Israel has paid Britain £40,000 for the restoration of the Commonwealth War Graves cemetery in Gaza - but it is only half the sum the UK asked for.
The two countries have been in dispute since Operation Cast Lead, Israel's operation in Gaza in 2009. More than 3,500 soldiers, mainly from Britain, who died in the battles of the First World War, are buried in the cemetery.
In January 2009 the Commonwealth War Graves Commission (CWGC) said that Israeli shelling had damaged headstones at the cemetery, a charge which Israel denied.
Peter Francis, a spokesman for the CWGC, said: "Gaza War Cemetery was damaged in 2009 when shells fell in the cemetery. Some structures were hit, turf was gouged and scorched and more than 350 headstones were damaged, some of them beyond repair."

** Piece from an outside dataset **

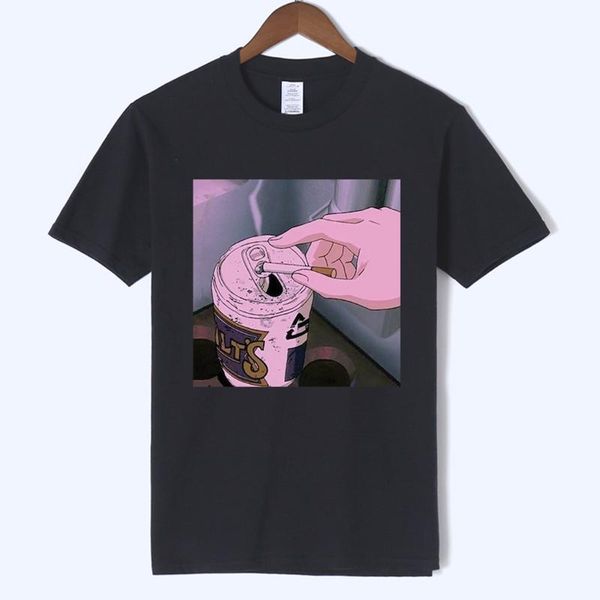 

men's t-shirts 2021 arrival sad anime vaporwave print t shirt aesthetic japan otaku man's t-shirt male casual short sleeve haraju, White;black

Three years earlier there was also damage to the Gaza cemetery, and Israel compensated Britain. But the 2009 events led to a prolonged dispute between the two countries. The CWGC, one of whose commissioners is Princess Anne's husband, Vice-Admiral Sir Tim Laurence, said the damage caused amounted to £84,000. It carried out repairs and has been trying to recoup the costs from Israel since.
But a spokesman for the Defence Ministry said there was "no clear evidence" as to what caused the Gaza cemetery problems, saying there were a variety of other reasons, such as Palestinian shooting, detonated ammunition in the area, vandalism, and even the natural ageing of the headstones.
On October 27 the legal adviser of the Defence Ministry, Ahaz Ben-Ari, held a meeting in Tel Aviv with Colonel Philip Stack, the military attaché at the British embassy. An ex gratia payment of £40,000, in recognition of "the good relations between Israel and Britain, and out of respect for the soldiers in the cemetery and our values as a nation," was offered to Britain.
Last week, Britain accepted. The money is now in the CWGC bank account.